The Charlotte News

Monday, July 5, 1948

THREE EDITORIALS

Site Ed. Note: The front page reports that the American and British airlift into Berlin gained momentum as nearly 400 planes were flying supplies daily into the city to beat the Soviet rail blockade. Ten flying boats were set to go into service to increase the tonnage per flight. Soviet officials appeared preparing to lodge new protests on alleged violations of the flight corridor into the city. They also appeared to desire a meeting of the four powers.

The stoppage of coal shipments had in the 17 days of the blockade cut in half the industrial output of the Western zones of the city. The West was in consequence preparing to fly coal into the city as well.

Count Folke Bernadotte, the U.N. mediator in the Palestine situation, stated that he had asked the Arabs and Israelis to extend the four-week truce set to expire the following Friday. He said that he had proposed demilitarization of Jerusalem and Haifa, in addition to the already stated proposal to have Trans-Jordan administer the Arab portion of Palestine under the U.N. partition plan and place Jerusalem under Arab control rather than international control. The U.N. would have the final say on immigration. It appeared that both Jews and Arabs had turned down the proposal, but the Arabs reportedly had given a counter-proposal and the Israelis were expected to do likewise.

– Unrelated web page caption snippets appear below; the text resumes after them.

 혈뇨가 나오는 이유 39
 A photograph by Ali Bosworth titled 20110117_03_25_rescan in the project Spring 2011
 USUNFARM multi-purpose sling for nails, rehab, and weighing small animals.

Jews and Arabs exchanged gunfire for twelve hours in Jerusalem the previous day and both sides appeared to be preparing for resumption of hostilities.

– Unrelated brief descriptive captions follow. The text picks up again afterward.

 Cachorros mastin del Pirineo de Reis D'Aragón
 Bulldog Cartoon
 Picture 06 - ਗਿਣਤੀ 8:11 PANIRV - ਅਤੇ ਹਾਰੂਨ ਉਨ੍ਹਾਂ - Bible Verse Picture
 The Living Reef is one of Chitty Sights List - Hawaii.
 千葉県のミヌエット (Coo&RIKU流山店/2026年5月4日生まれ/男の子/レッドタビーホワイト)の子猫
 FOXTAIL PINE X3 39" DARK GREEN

An American Jew was arrested in Amman, Trans-Jordan, for not having a proper visa.

In Trieste, pro-Tito and pro-Russian supporters reportedly clashed.

The President's majority of delegates for the Democratic convention, set to start July 12 in Philadelphia, dwindled by 36 New Jersey delegates, led by Boss Frank Hague of Jersey City, committed instead to General Eisenhower, reducing the President's total to 640 pledged or claimed delegates, with 618 needed to nominate. But those claimed included 54 from California and 98 from New York, both of which delegations were looking for an alternative candidate to the President, with California supporting the draft-Eisenhower movement. The General had 110 pledged delegates to the President's 286.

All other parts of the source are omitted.